This is one of the very first things that students should learn in a sociology class (and the first paragraph of the first part of The Craft of Sociology):
“The sociologist’s struggle with spontaneous sociology is never finally won, and he must conduct unending polemics against the blinding self-evidences which all too easily provide the illusion of immediate knowledge and its insuperable wealth.” (13)
Case in point, this column by sociologist Fabien Truong in Libération, arguing that there is no such thing as a “jeune de banlieue”, which, in the French context, refers to adolescents from the suburban housing projects, low-class, often of North African background although most of them are French. This category has been a catch-all for all sorts of social deviances, from petty delinquency to quasi-organized criminal networks, to easy recruits for Muslim fundamentalist preachers. That category was especially solidified in the collective mind with the 2005 riots.
Truong strikes back:
“Ainsi, parler du «jeune de banlieue» revient à enfermer une jeunesse plurielle sous un stigmate unique – et donc bien pratique, la réduisant à l’image de la racaille incivile ou à celle de la victime sociale. Condamnable ou excusable. La réalité, c’est que ces images mentales font pschitt lorsque l’on observe les statistiques et que l’on travaille au quotidien avec cette jeunesse stigmatisée. Le jeune de banlieue n’existe pas. Il y a des jeunes en banlieues. Avec leurs trajectoires, leurs aspirations, leurs échecs et leurs succès individuels. En 2005, après la 21e nuit d’émeute, il y a eu 2 921 interpellations sur tout le territoire. A titre de comparaison, il y a, dans la seule Seine-Saint-Denis, 65 919 collégiens et 46 062 lycéens, soit plus de 110 000 jeunes… Tous les jeunes ne brûlent donc pas des voitures en banlieues.
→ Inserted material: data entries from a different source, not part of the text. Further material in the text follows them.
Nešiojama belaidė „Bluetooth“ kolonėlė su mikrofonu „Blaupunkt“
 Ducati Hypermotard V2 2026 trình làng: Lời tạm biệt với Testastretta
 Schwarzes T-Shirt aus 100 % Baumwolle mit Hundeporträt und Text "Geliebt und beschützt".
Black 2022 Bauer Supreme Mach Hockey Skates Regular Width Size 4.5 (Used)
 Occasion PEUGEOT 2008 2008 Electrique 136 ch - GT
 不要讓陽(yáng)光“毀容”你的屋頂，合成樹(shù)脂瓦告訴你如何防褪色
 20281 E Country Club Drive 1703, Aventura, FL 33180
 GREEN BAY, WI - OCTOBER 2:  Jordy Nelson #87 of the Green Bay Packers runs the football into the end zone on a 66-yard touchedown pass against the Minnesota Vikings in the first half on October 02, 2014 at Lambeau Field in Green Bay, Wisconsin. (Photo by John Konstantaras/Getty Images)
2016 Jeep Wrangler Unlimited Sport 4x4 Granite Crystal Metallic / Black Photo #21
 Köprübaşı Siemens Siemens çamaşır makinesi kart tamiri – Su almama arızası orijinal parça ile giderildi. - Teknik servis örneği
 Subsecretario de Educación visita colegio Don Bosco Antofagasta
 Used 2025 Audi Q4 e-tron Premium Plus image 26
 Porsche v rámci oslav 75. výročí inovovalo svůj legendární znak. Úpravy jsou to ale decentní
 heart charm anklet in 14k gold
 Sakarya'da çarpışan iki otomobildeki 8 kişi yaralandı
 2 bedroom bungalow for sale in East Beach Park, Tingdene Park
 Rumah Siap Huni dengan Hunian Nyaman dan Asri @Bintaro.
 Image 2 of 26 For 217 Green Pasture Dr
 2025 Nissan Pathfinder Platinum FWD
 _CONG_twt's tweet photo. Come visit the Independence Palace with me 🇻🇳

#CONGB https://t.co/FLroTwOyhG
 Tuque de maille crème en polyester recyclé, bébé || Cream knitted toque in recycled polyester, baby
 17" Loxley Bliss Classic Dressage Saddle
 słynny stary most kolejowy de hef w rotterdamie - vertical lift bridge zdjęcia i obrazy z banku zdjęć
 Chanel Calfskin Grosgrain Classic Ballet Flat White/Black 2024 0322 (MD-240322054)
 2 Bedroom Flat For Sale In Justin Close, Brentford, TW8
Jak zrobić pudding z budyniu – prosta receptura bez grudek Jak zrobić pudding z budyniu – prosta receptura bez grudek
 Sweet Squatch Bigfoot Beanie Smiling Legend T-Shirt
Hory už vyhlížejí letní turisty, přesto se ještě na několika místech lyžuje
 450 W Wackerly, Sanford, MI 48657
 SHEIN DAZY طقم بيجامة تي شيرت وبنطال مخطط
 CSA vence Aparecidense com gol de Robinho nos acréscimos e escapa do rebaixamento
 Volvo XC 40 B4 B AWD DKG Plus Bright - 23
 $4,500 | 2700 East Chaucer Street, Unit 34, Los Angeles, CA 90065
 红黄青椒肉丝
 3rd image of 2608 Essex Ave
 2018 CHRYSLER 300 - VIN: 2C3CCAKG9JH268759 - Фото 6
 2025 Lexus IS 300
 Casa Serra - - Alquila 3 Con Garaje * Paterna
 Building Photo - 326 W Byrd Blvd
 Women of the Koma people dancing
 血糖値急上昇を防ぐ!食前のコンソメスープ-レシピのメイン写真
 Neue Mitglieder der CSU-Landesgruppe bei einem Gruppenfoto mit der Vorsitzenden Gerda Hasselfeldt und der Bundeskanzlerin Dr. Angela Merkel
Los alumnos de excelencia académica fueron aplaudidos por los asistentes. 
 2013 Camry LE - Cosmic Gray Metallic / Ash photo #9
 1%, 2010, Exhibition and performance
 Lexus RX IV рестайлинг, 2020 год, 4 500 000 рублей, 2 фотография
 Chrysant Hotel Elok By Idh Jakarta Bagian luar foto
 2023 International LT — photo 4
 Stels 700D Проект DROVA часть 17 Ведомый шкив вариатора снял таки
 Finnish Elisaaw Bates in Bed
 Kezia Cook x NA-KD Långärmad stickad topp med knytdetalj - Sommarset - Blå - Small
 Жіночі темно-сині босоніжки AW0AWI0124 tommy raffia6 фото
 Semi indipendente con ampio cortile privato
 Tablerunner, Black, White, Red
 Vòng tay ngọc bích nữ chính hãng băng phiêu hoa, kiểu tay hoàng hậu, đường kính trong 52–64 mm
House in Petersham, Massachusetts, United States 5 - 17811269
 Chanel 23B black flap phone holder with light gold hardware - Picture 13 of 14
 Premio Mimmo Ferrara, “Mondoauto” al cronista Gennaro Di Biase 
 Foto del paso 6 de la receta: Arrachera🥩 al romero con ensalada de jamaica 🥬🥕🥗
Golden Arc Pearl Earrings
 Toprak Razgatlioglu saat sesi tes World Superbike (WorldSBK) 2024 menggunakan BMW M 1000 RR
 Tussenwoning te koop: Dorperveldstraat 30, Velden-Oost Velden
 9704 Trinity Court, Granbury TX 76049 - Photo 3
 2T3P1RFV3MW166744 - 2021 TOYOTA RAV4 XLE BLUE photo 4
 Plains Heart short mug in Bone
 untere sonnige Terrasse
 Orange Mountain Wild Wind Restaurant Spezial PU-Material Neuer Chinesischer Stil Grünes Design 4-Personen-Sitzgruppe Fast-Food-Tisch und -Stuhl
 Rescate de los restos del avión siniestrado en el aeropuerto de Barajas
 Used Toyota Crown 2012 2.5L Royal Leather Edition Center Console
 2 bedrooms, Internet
Dans les lycées du 93, les difficultés scolaires sont bien réelles : 77,8 % de réussite au bac général contre 88,8 % en France. Soit un différentiel de 11 points de pourcentage. Mais elles ne sont finalement pas plus fortes qu’ailleurs si on prend la peine de s’interroger sur l’origine sociale de ces élèves : 43,7 % des collégiens du département ont des parents issus de CSP (catégorie socioprofessionnelle) défavorisées contre 33,9 % pour l’ensemble des collégiens de France. Un différentiel de près de 10 points de pourcentage !
Les lycéens du 93 ne réussissent donc pas scolairement moins bien que les autres. Ils réussissent moins bien parce qu’ils sont issus des classes populaires, ce qui est un résultat malheureusement classique de la sociologie depuis les années 60 et qui s’explique par d’autres facteurs que celui du seul lieu d’habitation. Ils ont, au final, un comportement statistiquement normal et, si on ajoute au handicap social les effets pénalisants pour les carrières scolaires de l’immigration, de la stigmatisation et de la relégation urbaine, ils réussiraient même plutôt mieux que ce que leur profil sociologique laisse espérer ! Si on s’en tient au seul système scolaire, les jeunes en banlieues ne sont en aucun cas surdéterminés à devenir des adolescents en situation d’échec.
Ils n’ignorent rien du décalage qui existe entre leurs conditions de vie objectives et leur perception subjective par le reste de la société.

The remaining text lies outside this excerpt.